Democratic presidential candidate former VP Joe Biden speakings to supporters at St. George Greek Orthodox Cathedral, Feb. 10, 2020, during a campaign event in Manchester, N.H. (AP Photo/Pablo Martinez Monsivais)
The argument you hear the most from Joe Biden when he’s on the campaign trail is on how he will bring things “back to normal” in Washington, D.C. if elected president. President Trump, Biden says in so many words, is uncouth, speaks out of turn, and lacks the even temperament needed to effectively work with people of all political stripes and govern America.
But as was confirmed Tuesday in the viral video of the disturbing confrontation between Biden and a Michigan autoworker, President Obama’s former vice president has a temperament issue of his own, and it’s so bad that it effectively negates the arguments he’s made on this front against Trump.
As I noted yesterday, cursing out and threatening a voter with physical violence is not normal behavior. Unfortunately for the Biden campaign, it’s been a pattern with him that goes back for quite some time, including when he yelled at Elizabeth Warren during a debate last year after she refused to give him credit for a legislative accomplishment.

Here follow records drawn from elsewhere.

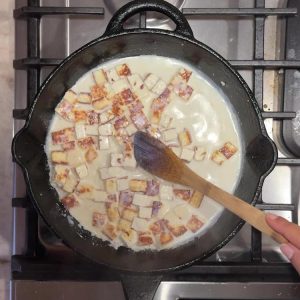 Cubed fried paneer pieces soaking in warm milk in cast iron skillet with wooden spoon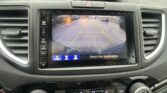 In-dash rearview camera display with yellow parking guide lines over a wet parking lot behind the car.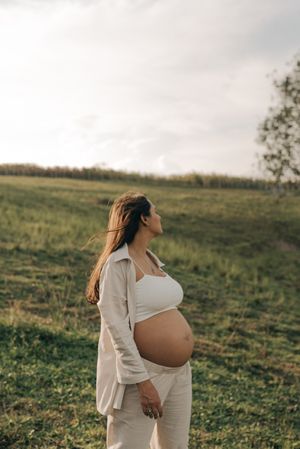 Pregnant person in white outfit standing in grassy field during golden hour.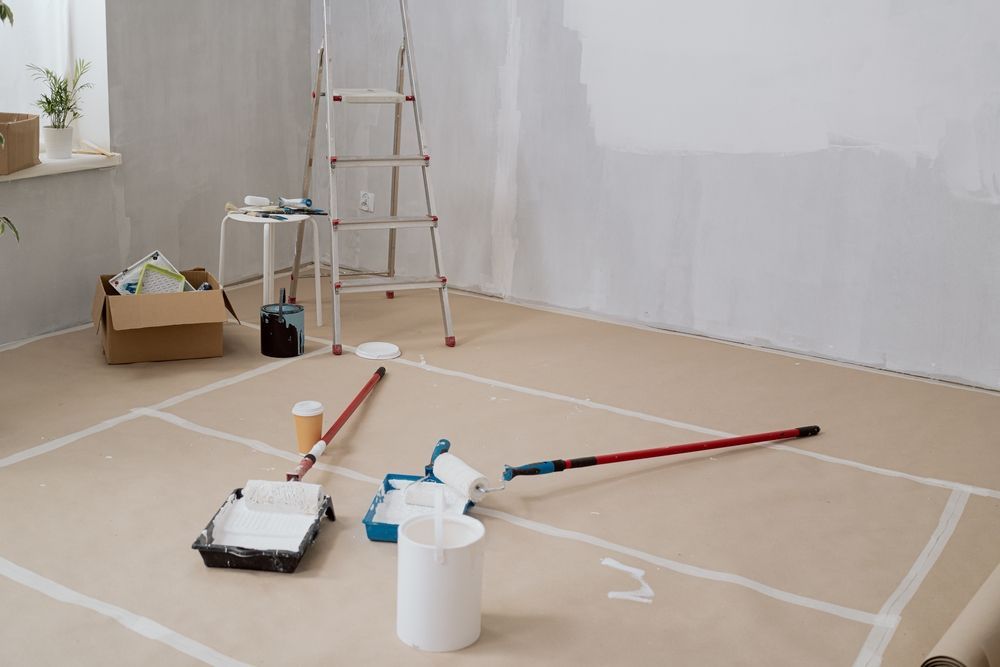 Painting supplies on a paper-covered floor in a room, with a ladder and white-painted wall.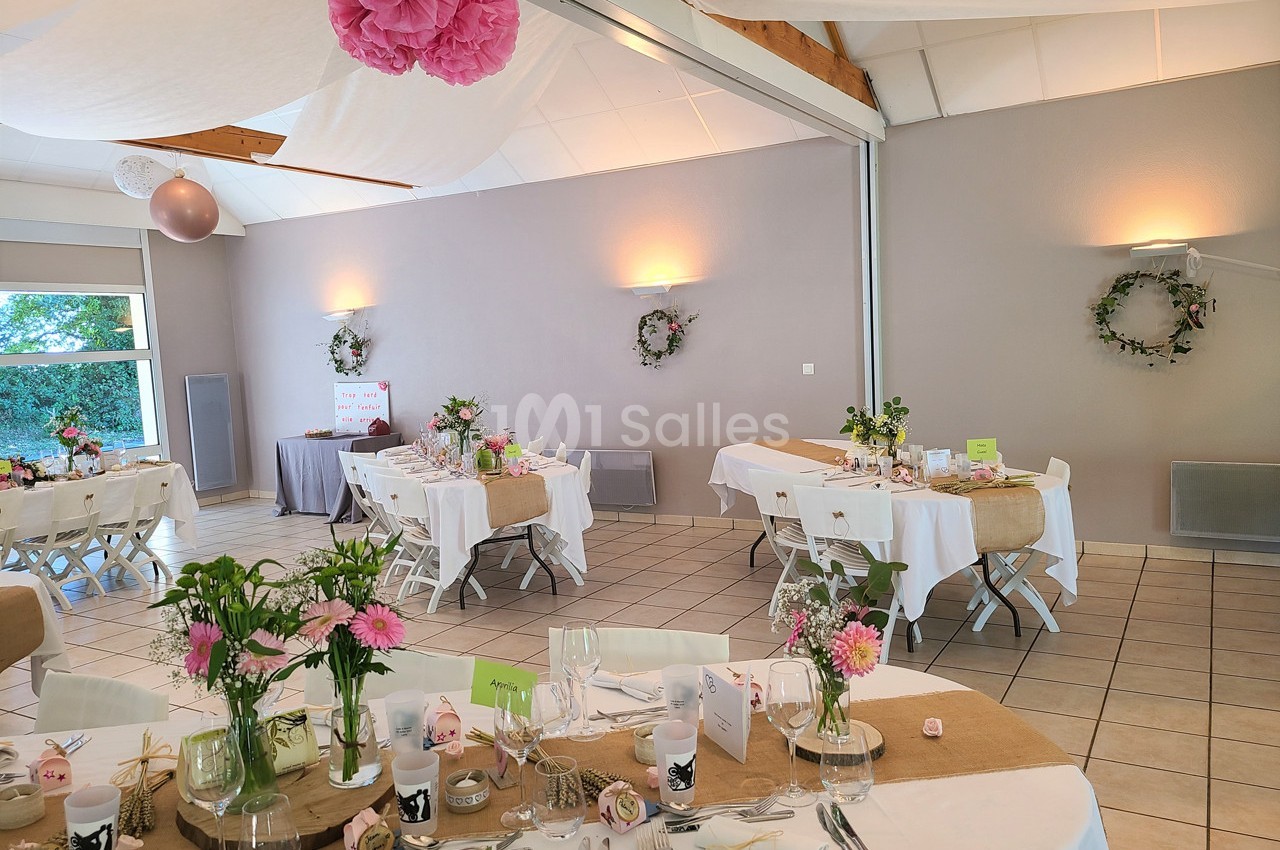 Salle décorée pour une réception avec tables dressées, nappes blanches, fleurs roses et éléments en toile de jute.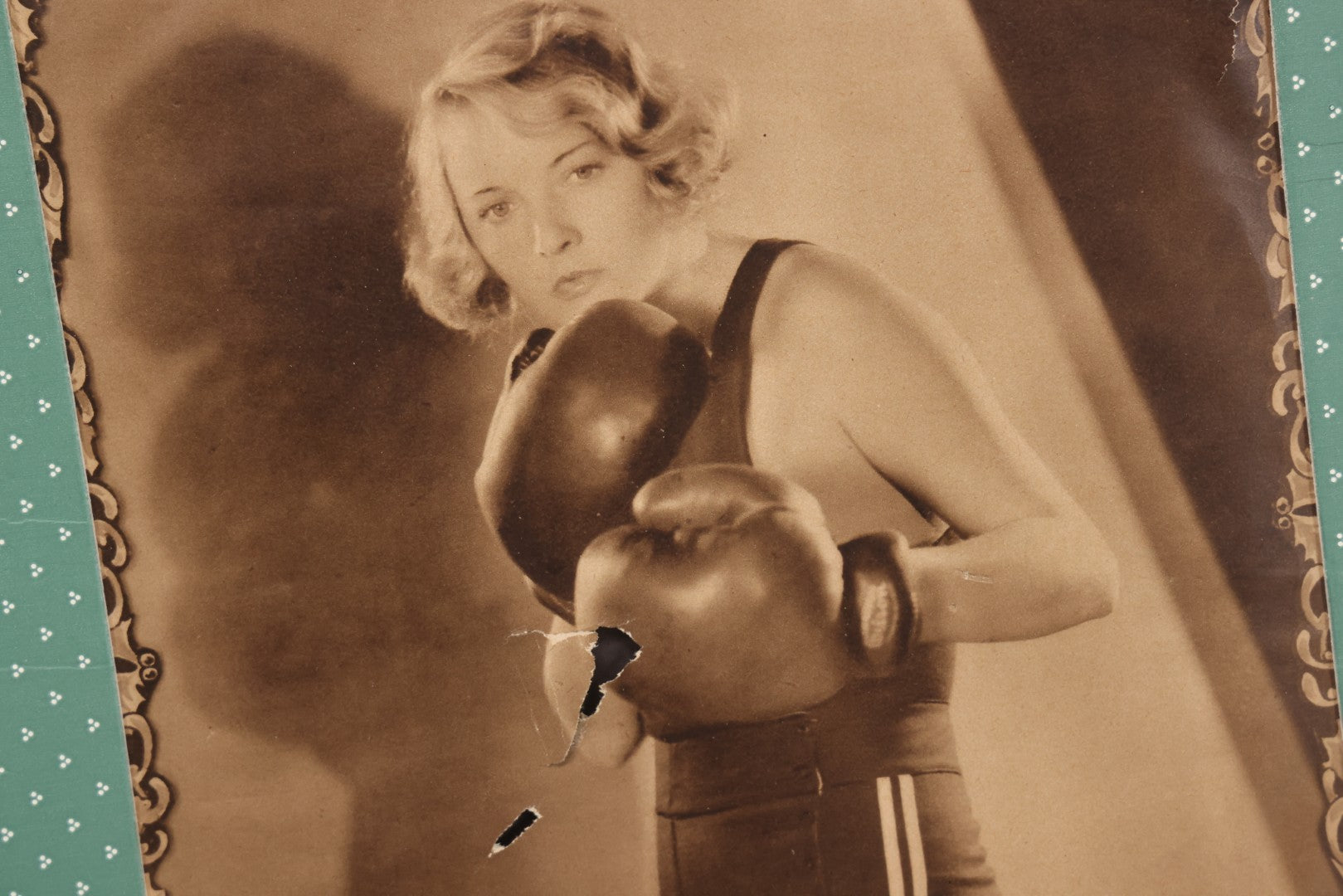 Lot 173 - Vintage Black And White Photograph Of Female Boxer Dorothy Mackaill In Blue Patterned Paper Frame, Likely Promotional Photo, Handwritten Pencil Identification On Verso, Note Small Tears And Holes Center Of Photo
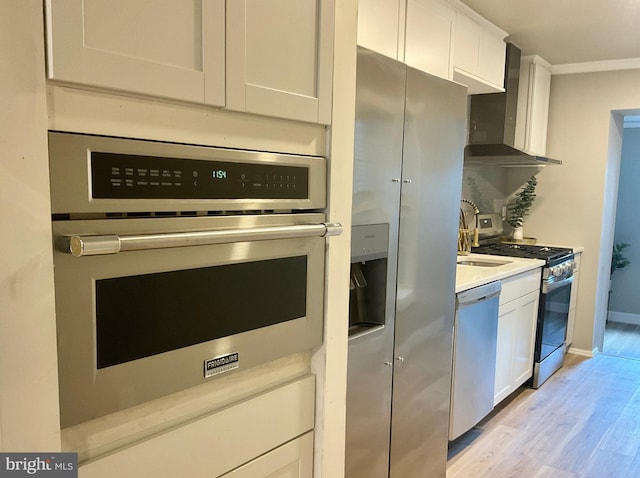 kitchen with white cabinetry, wall chimney range hood, backsplash, light hardwood / wood-style floors, and appliances with stainless steel finishes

He’s also yelled at journalists and called another voter “fat” after a highly contentious back and forth about the age question and the Hunter Biden/Burisma issue.
The former veep doesn’t handle himself well at all when he’s faced with a voter who is not a Biden shill or a fellow Democratic politico who doesn’t bow to his decades of experience in Congress and 8 years with President Obama.
Naturally, Republicans who criticize Biden’s temperament are met with the “whataboutism” card from Democrats and “journalists” like CNN’s Chris Cillizza. He argued yesterday after the Michigan autoworker video was widely shared on social media that the clip was “probably a good thing” for Biden. Not only that, but Cillizza asserted there was a “deeply rich irony” in the Trump campaign making these arguments against Biden:
“There’s also a deeply rich irony here in the Trump campaign trying to suggest that confrontations, generally speaking, and a politician using a few curse words is a bad thing. After all, this President loves confrontation! And cussing! Often in public! And dismissing those who say that he isn’t acting presidential as wimps and whiners!”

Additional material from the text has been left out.